- _PROBLEM REQUIREMENTS_
Each line from the one containing "DEERC H16E Brushless" to the end of the material below is to be restated exactly, with pictures skipped.

- _DATASET CONTENT_
· · ·

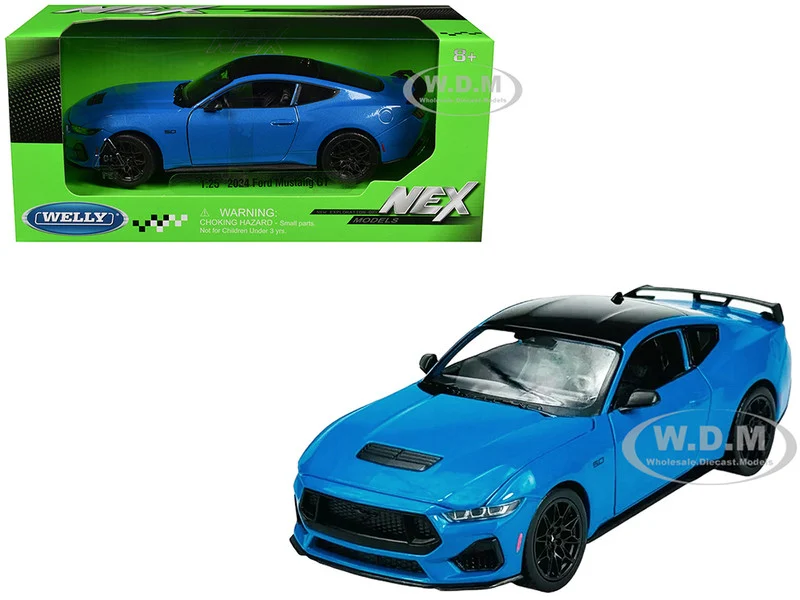 2024 Ford Mustang GT 5.0 Blue with Black Top "NEX Models" Series 1/25 Diecast Model Car by Welly - Ford Models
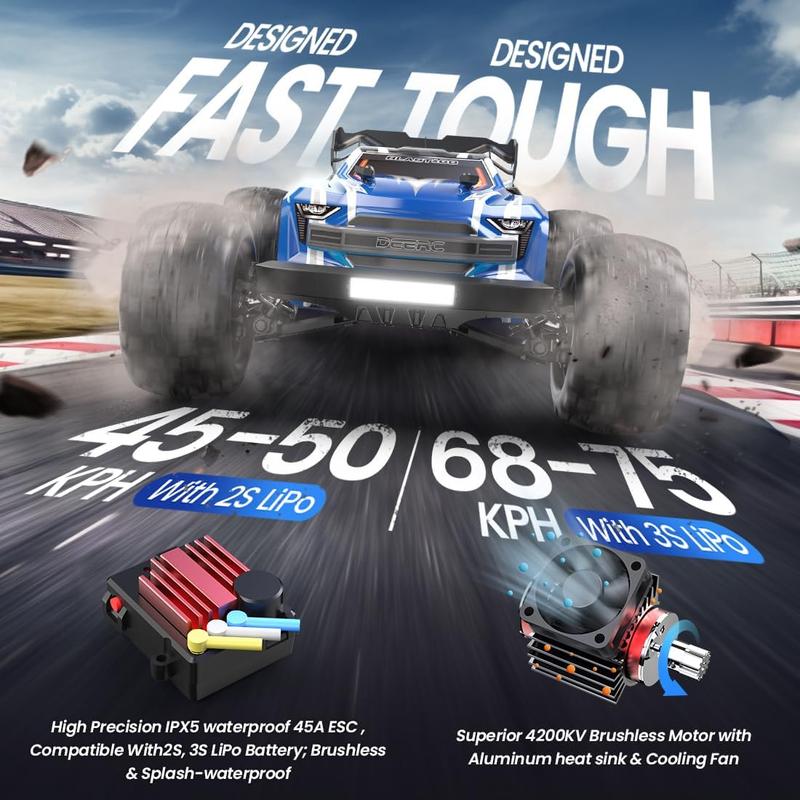 DEERC H16E Brushless Extreme High Speed RC Truck, Max 70kph, 1:16 4X4 RTR Fast RC Cars, All Terrains RC Monster Truck, Off Road Hobby Electric Vehicle Gift for , 2 Li-po Batteries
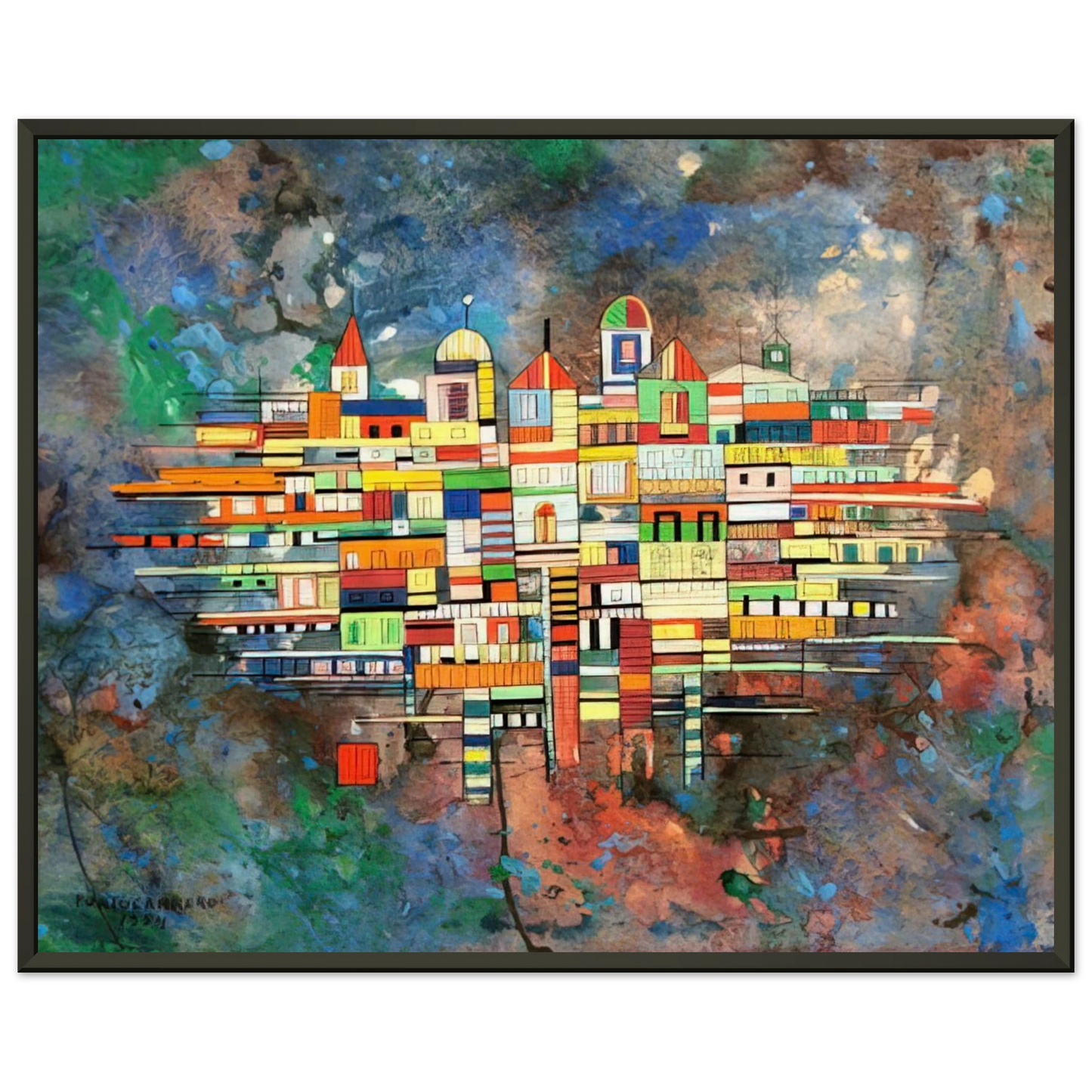 Rene Portocarrero CITY 1954 Framed Art Print - Aluminum Frame - 60x80 cm / 24x32 inches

· · ·

- _WRITTEN SOLUTION_
 DEERC H16E Brushless Extreme High Speed RC Truck, Max 70kph, 1:16 4X4 RTR Fast RC Cars, All Terrains RC Monster Truck, Off Road Hobby Electric Vehicle Gift for , 2 Li-po Batteries
 Rene Portocarrero CITY 1954 Framed Art Print - Aluminum Frame - 60x80 cm / 24x32 inches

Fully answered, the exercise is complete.